**Work instructions:** Omitting the pictures, output all of the records precisely as written.
══ Recorded data ══
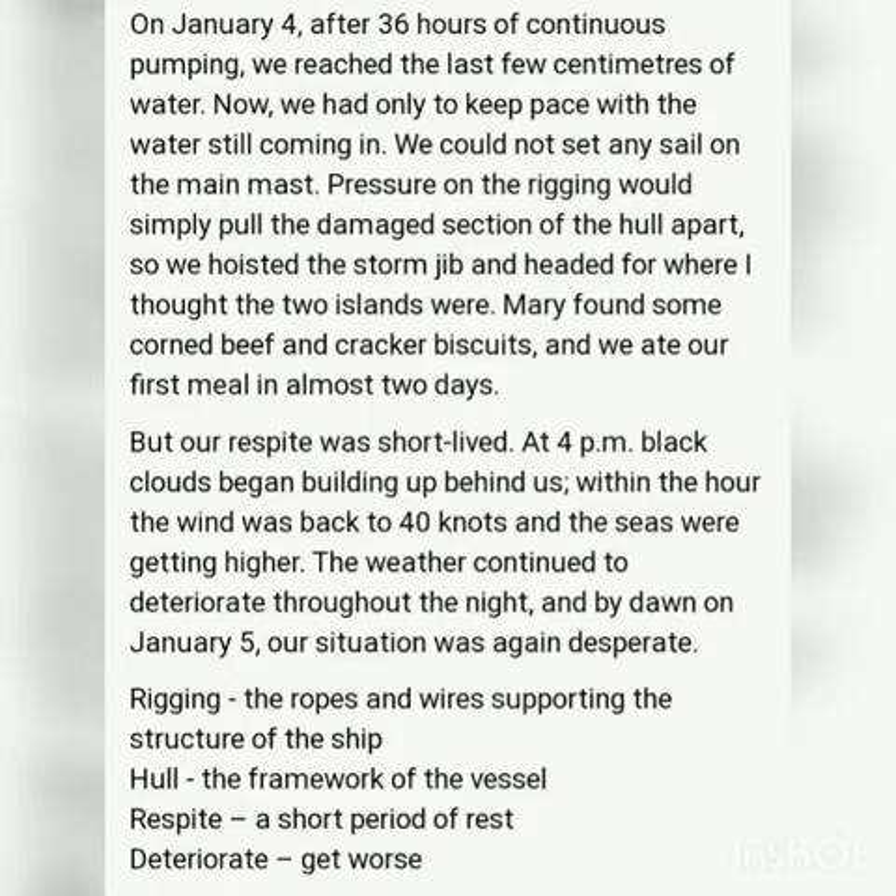The rest period was short-lived because black clouds built up around 4 pm. The wind was now 40 knots and the sea was getting higher. The weather got worse and by the early morning of January 5th, the situation was bad.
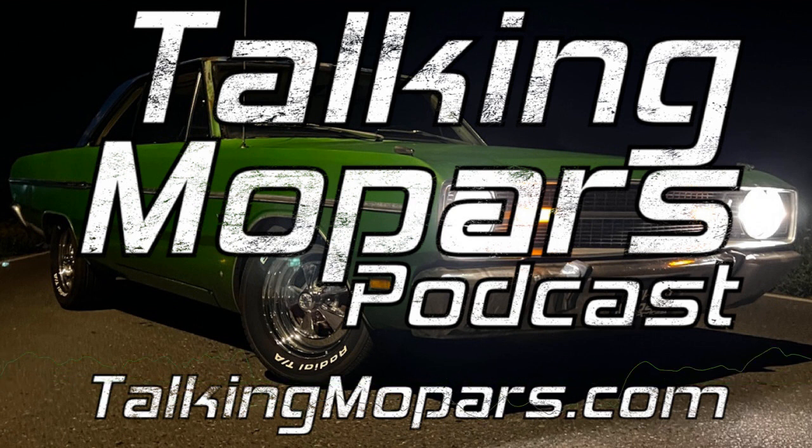Let's get into the MACCN Show — the Muscle Car and Corvette Nationals. Wait, did I just say Corvette on the Mopar podcast? On the Talking Mopars podcast? Did I just say the word Corvette? Yes, I did.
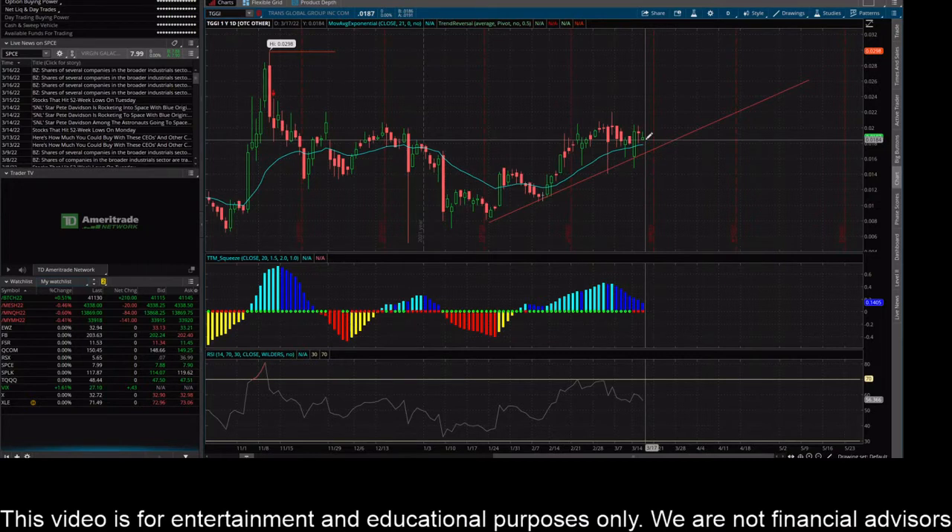Let's see if this thing starts to move lower at open or what direction it goes. Definitely keep an eye on this uptrend line, and to the upside keep an eye on the two-cent level. If this thing on the daily time frame can bust through two cents and close above it, I think that's a good sign — it could make a nice rip to a fresh high and then pull back towards this trend line.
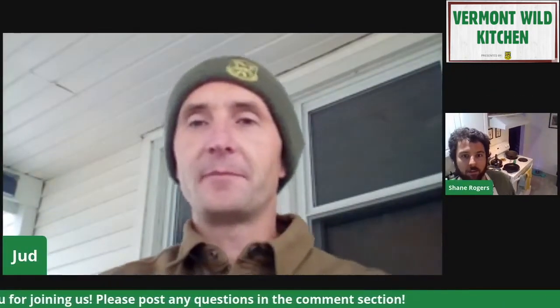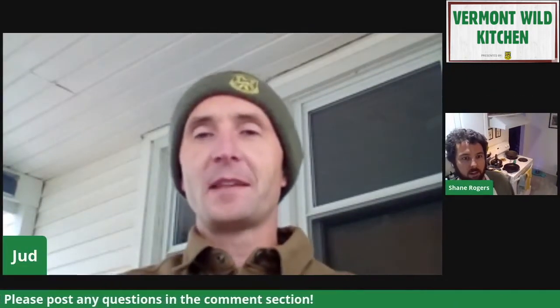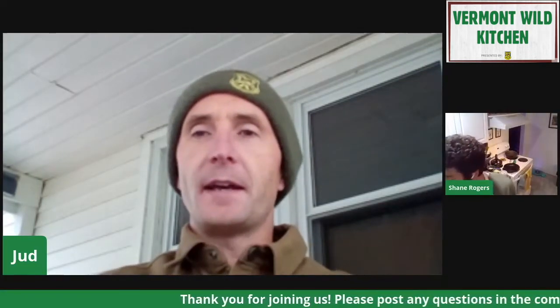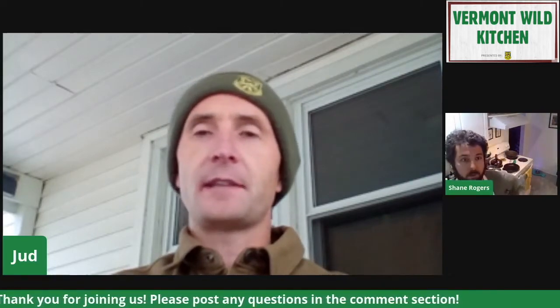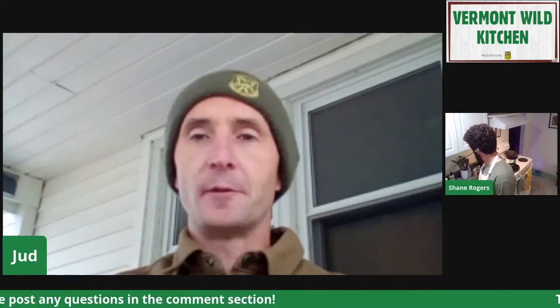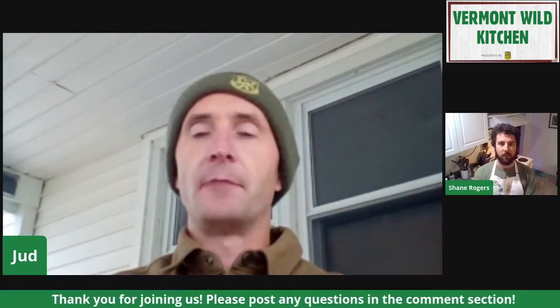Yeah, hi everybody, I'm glad to be here. I love to eat fish and I love talking about eating fish and catching fish, so glad to be here. Smoking is quite a process — it does not lend itself to this format that well for a live cooking show because it actually takes days to do, but I'll show you some of the critical steps and walk you through the process.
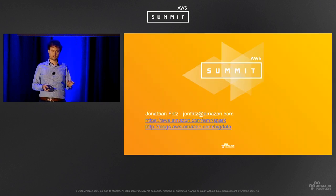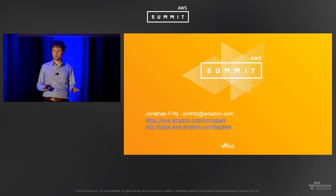That was a lot covered quickly. A lot of this is in the EMR docs. I'm happy to talk more about Spark security after the session. Thank you everybody for your time.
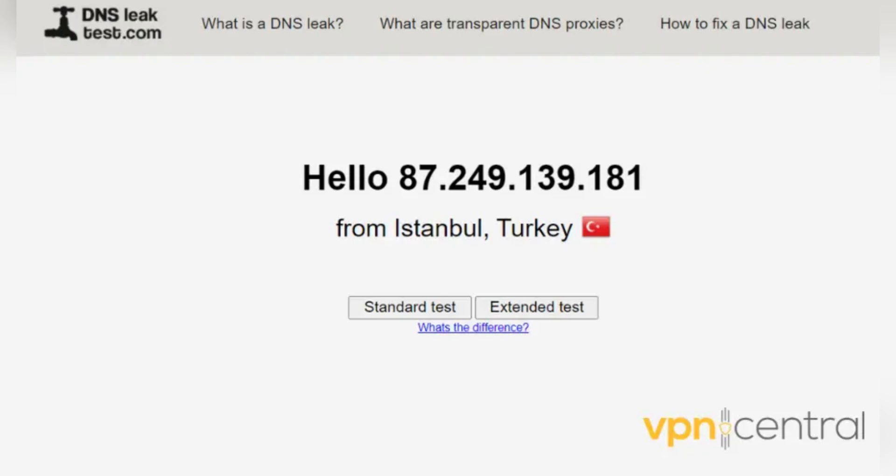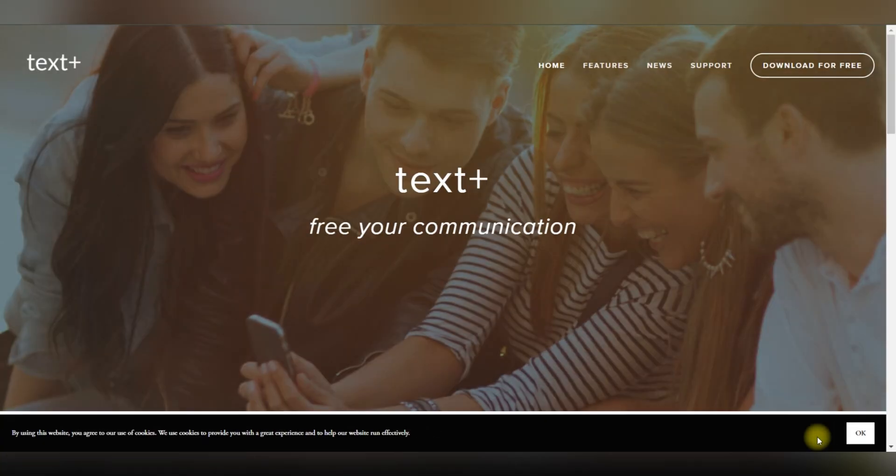For now, avoid creating multiple accounts or using the same email for both Text Plus and Next Plus.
═══
**Written reply:**
The rest period was short-lived because black clouds built up around 4 pm. The wind was now 40 knots and the sea was getting higher. The weather got worse and by the early morning of January 5th, the situation was bad.
Let's get into the MACCN Show — the Muscle Car and Corvette Nationals. Wait, did I just say Corvette on the Mopar podcast? On the Talking Mopars podcast? Did I just say the word Corvette? Yes, I did.
Let's see if this thing starts to move lower at open or what direction it goes. Definitely keep an eye on this uptrend line, and to the upside keep an eye on the two-cent level. If this thing on the daily time frame can bust through two cents and close above it, I think that's a good sign — it could make a nice rip to a fresh high and then pull back towards this trend line.
Yeah, hi everybody, I'm glad to be here. I love to eat fish and I love talking about eating fish and catching fish, so glad to be here. Smoking is quite a process — it does not lend itself to this format that well for a live cooking show because it actually takes days to do, but I'll show you some of the critical steps and walk you through the process.
That was a lot covered quickly. A lot of this is in the EMR docs. I'm happy to talk more about Spark security after the session. Thank you everybody for your time.
For now, avoid creating multiple accounts or using the same email for both Text Plus and Next Plus.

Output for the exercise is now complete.